Paloma Sánchez-Guernica los resume en su novela histórica Últimos días en Berlín: “La propaganda debe limitarse a un número de ideas y repetirlas incansablemente, presentándolas una y otra vez desde diferentes perspectivas, pero siempre convergiendo sobre el mismo concepto. Sin fisuras ni dudas. Si una mentira se repite suficientemente, acaba por convertirse en verdad”. “Toda propaganda debe ser popular, adaptando su nivel al menos inteligente de los individuos a los que va dirigida. Cuanto más grande sea la masa a convencer, más pequeño será el esfuerzo mental a realizar. La capacidad receptiva de las masas es limitada y su comprensión escasa; además tiene gran capacidad para olvidar”. 

“Reunir diversos adversarios en una categoría o individuo. Los adversarios han de constituirse en suma individualizada”. “Cargar sobre el adversario los propios errores o defectos, respondiendo al ataque con el ataque. Si no puedes negar las malas noticias, inventa otras que las distraigan”.  

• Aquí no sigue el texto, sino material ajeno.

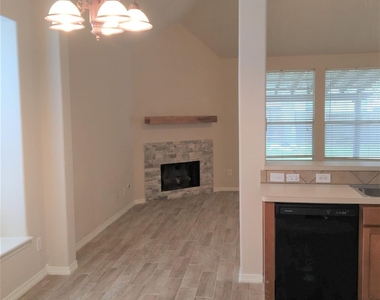 2214 Valley View Crossing - Photo Thumbnail 10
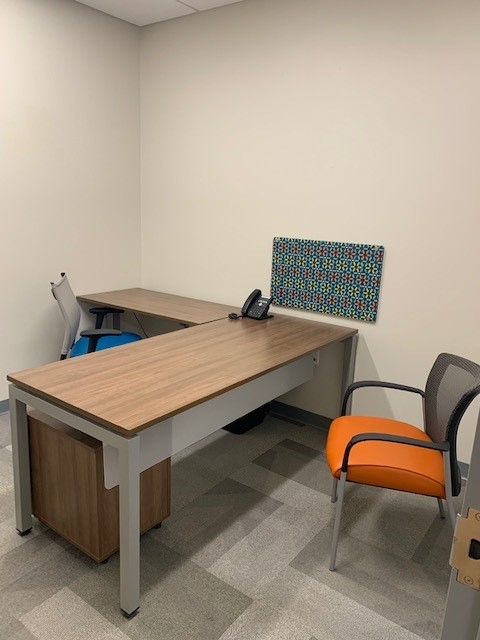 Boost your business game with a private office! Rent a Day Office at Office Evolution for ultimate productivity. It's your own space, when you need it most. Ready to rock your workday? Reserve now! hubs.ly/Q02t3xcp0
 #OfficeEvolution #DayOfficeRentals #EntrepreneurLife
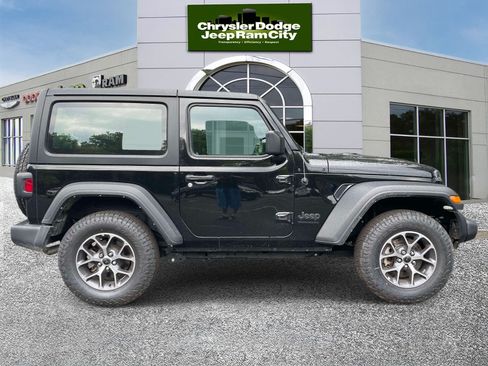 Used 2022 Jeep Wrangler Sport AWD/4WD image 5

Eso, amplificado por las redes sociales, produce, como en el nazismo, una obediencia bovina y una corrupción difícil de extirpar, sobre todo por la estructura que López Obrador cimentó en México y la abyecta devoción que consiguió de sus seguidores por medio de esa propaganda. 

Sheinbaum. Negar la realidad. Foto: Eduardo Miranda 

Sheinbaum es de esa misma estirpe. Como su maestro, no sólo mintió y malversó la realidad para llegar a un poder que López Obrador volvió absoluto, continúa haciéndolo: niega que el país esté sometido al crimen organizado, su Estrategia de Seguridad es idéntica a la de su mentor, mantiene la propaganda mañanera y tiene cerca a Jesús Ramírez Cuevas, el Goebbels de López Obrador.

A quienes el poder ha corrompido a grados absolutos se vuelve esclavo de las pasiones que engendra. Habrá entonces que seguir resistiendo.

Además opino que hay que respetar los Acuerdos de San Andrés, detener la guerra, liberar a todos los presos políticos, hacer justicia a las víctimas de la violencia, juzgar a gobernadores y funcionarios criminales, esclarecer el asesinato de Samir Flores, la masacre de los LeBarón, detener los megaproyectos y devolverle la gobernabilidad a México.